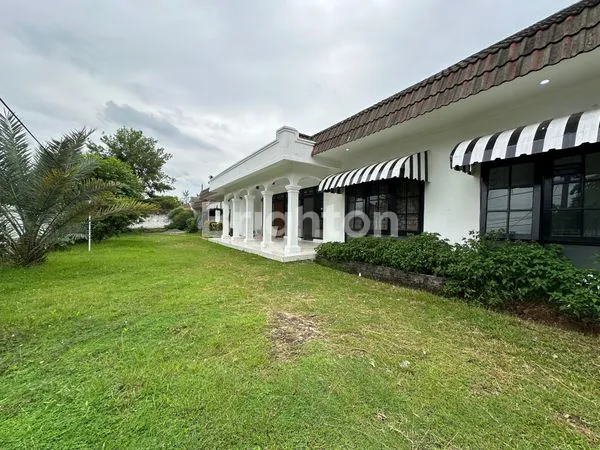 image HUNIAN CANTIK DENGAN HALAMAN SANGAT LUAS,  LOKASI SANGAT STRATEGIS, MURAH, NEGO, BU (2)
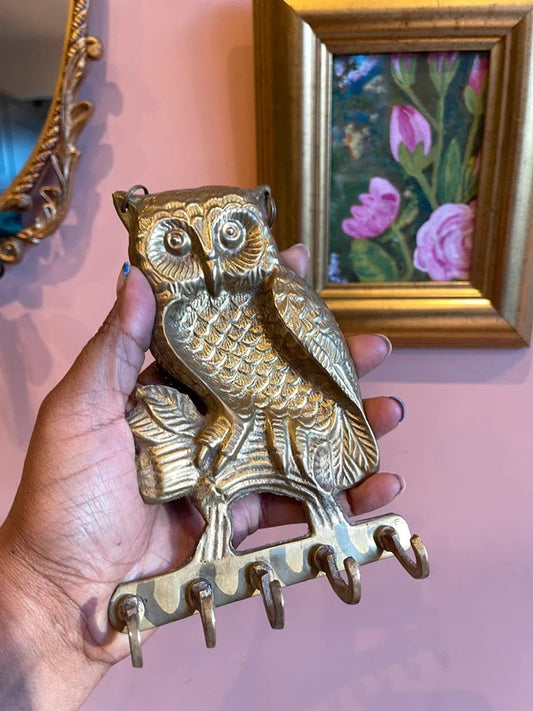 Vintage solid brass owl key holder with original hanging chain and 5 hooks, decorative wall mounted key rack, whimsical owl wall hooks for entryway, hallway or kitchen, cottagecore home decor and vintage brass storage.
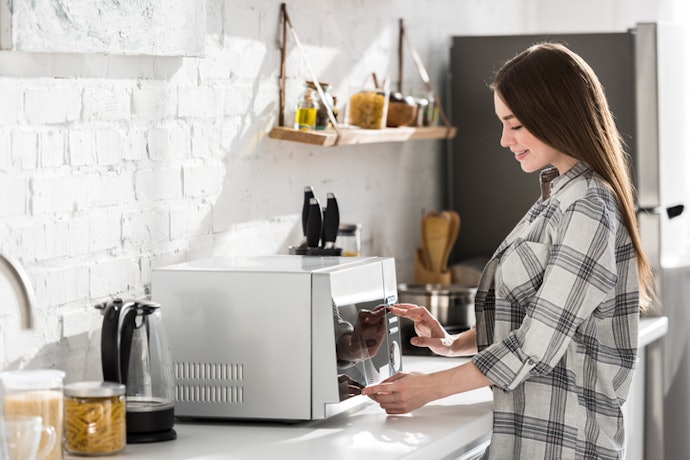 Para Preparar Receitas ou Cozinhar Vegetais, Invista em um Micro-ondas Electrolux de 1400-1600W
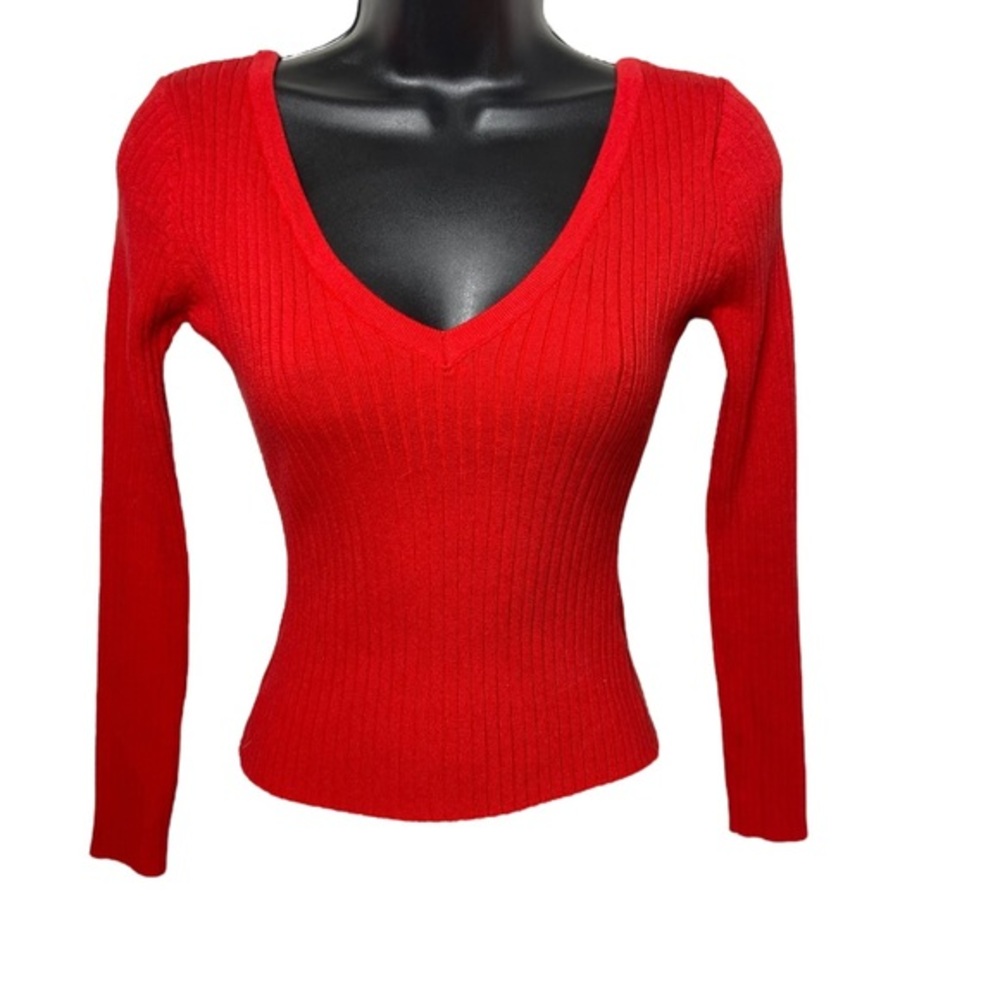 BETTER‎ BE Boutique Brand Red Long Sleeve Crop Top Low V-Neck Size Small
____________________
● Work item: Transcribe exactly, and without any pictures, each line from the one that holds "Para Preparar Receitas" through the final line of the material above.

● Solution for this problem:
 Para Preparar Receitas ou Cozinhar Vegetais, Invista em um Micro-ondas Electrolux de 1400-1600W
 BETTER‎ BE Boutique Brand Red Long Sleeve Crop Top Low V-Neck Size Small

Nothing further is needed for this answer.